Dataset content -
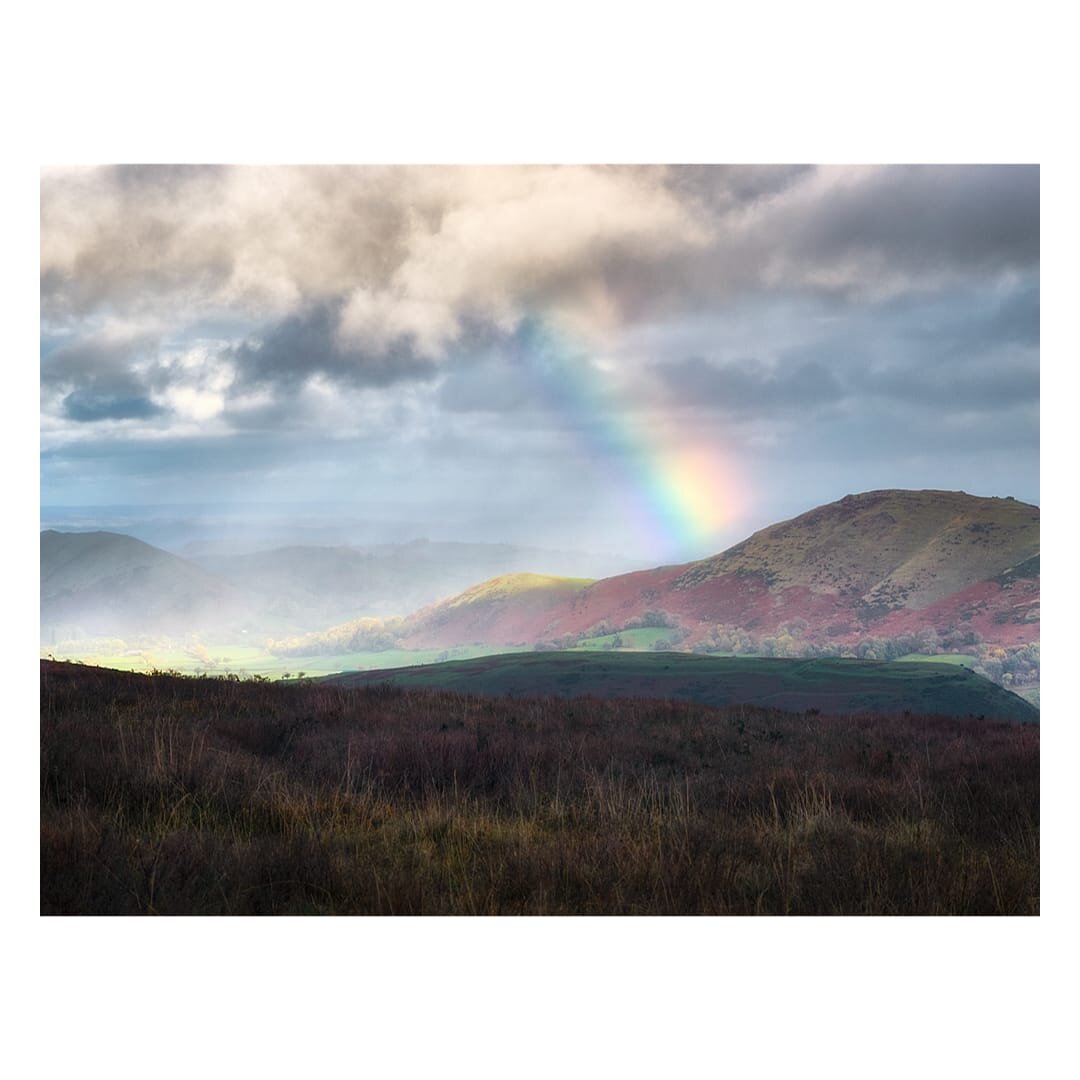A dramatic rainbow arcs across a cloudy sky above a sweeping autumnal landscape, with the foreground composed of dark reddish-brown moorland grasses and low heather in the foreground, whilst distant rounded hills rise in layers of russet, mauve, and sage green beneath bands of mist and atmospheric haze. The middle distance reveals pastoral fields in soft greens and golds nestled between the undulating slopes, with Caer Caradoc's distinctive rounded summit prominent on the right, its flanks painted in autumn hues of burgundy and burnt sienna. Brooding storm clouds dominate the upper half of the composition, their grey and white masses illuminated by breaks of pale blue sky through which the rainbow glows brilliantly, creating a moody yet uplifting vista characteristic of the Shropshire Hills' dramatic weather and rugged moorland terrain.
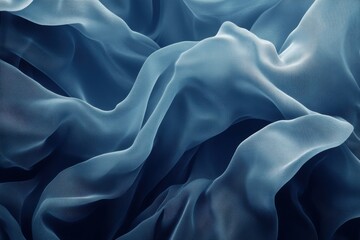 Obraz premium A close-up view of flowing, draped sheer fabric in a soft blue tone. The folds and texture are prominent, showcasing its fluidity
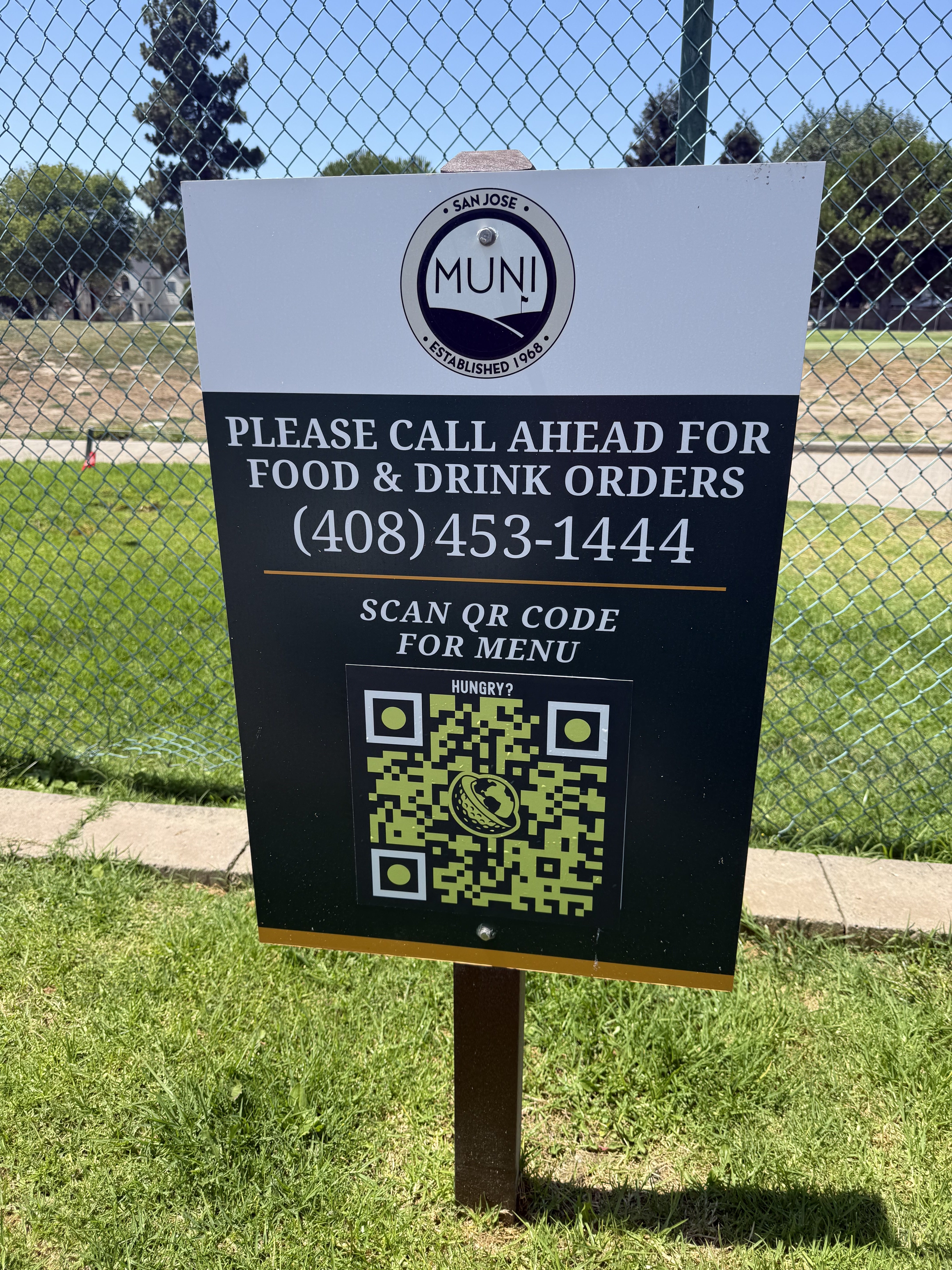 On-course sign with a QR code for food and drink orders mounted on a fence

Work to be completed - Copy the data exactly. Any picture it contains is to be omitted.

Response -
A dramatic rainbow arcs across a cloudy sky above a sweeping autumnal landscape, with the foreground composed of dark reddish-brown moorland grasses and low heather in the foreground, whilst distant rounded hills rise in layers of russet, mauve, and sage green beneath bands of mist and atmospheric haze. The middle distance reveals pastoral fields in soft greens and golds nestled between the undulating slopes, with Caer Caradoc's distinctive rounded summit prominent on the right, its flanks painted in autumn hues of burgundy and burnt sienna. Brooding storm clouds dominate the upper half of the composition, their grey and white masses illuminated by breaks of pale blue sky through which the rainbow glows brilliantly, creating a moody yet uplifting vista characteristic of the Shropshire Hills' dramatic weather and rugged moorland terrain.
 Obraz premium A close-up view of flowing, draped sheer fabric in a soft blue tone. The folds and texture are prominent, showcasing its fluidity
 On-course sign with a QR code for food and drink orders mounted on a fence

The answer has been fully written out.